So when the team behind Plywood Express looked at the Orange Blossom Trail, they didn't see what outsiders see. They saw the corridor's old self.

"OBT, long, long time ago, used to be the corridor for a lot of dreams and opportunities."

That line is worth sitting with. Every blighted block in America used to be somebody's main street. The decline didn't happen overnight, and the revival won't either. But it does have a name. It's called the OBT CRA.

A Community Redevelopment Area exists for exactly this moment. When private operators look at a corridor and see what it could be again, the public side of the table meets them halfway. Tax dollars generated here stay here. Funding gets routed back into the lighting, the sidewalks, the storefronts, and the small businesses willing to plant a flag before the rest of the market notices.

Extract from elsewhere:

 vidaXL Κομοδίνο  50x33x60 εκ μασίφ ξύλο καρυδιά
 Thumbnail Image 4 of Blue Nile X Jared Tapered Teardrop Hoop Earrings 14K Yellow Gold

To the community: the dreams aren't gone. They're being rebuilt. To investors and stakeholders: this is when capital lands earliest, before a corridor gets "discovered." To anyone still questioning whether the OBT CRA earns its keep: ask the operators already here. They didn't show up for what OBT is. They showed up for what it's about to be.

05/18/2026

When the owner of Plywood Express was asked what to tell lawmakers about the CRA program, his answer was direct: "I strongly suggest to keep it."

Here's why.

Before he could grow the business, he had to make it safe. Fences up. Cameras up, 24 hours a day, two weeks of recorded footage on rolling backup. Because employees don't do their best work in a place that doesn't feel secure, and customers don't keep coming back to one either.

That kind of investment isn't glamorous. It's foundational. And it's the kind of expense most small businesses can't front on their own. The CRA closed the gap.

His words again: "It's something you can clearly measure."

Employees protected. Customers retained. Property values trending up on a corridor that used to drift the other way. That's the math.

To the community: a safer OBT isn't a slogan. It's the lights, cameras, and locked fences paid for by a program built to do exactly this kind of work. To investors and stakeholders: this is what de-risks the next deal on this stretch. To lawmakers: the people running businesses on OBT are telling you what they need. Keep the CRA.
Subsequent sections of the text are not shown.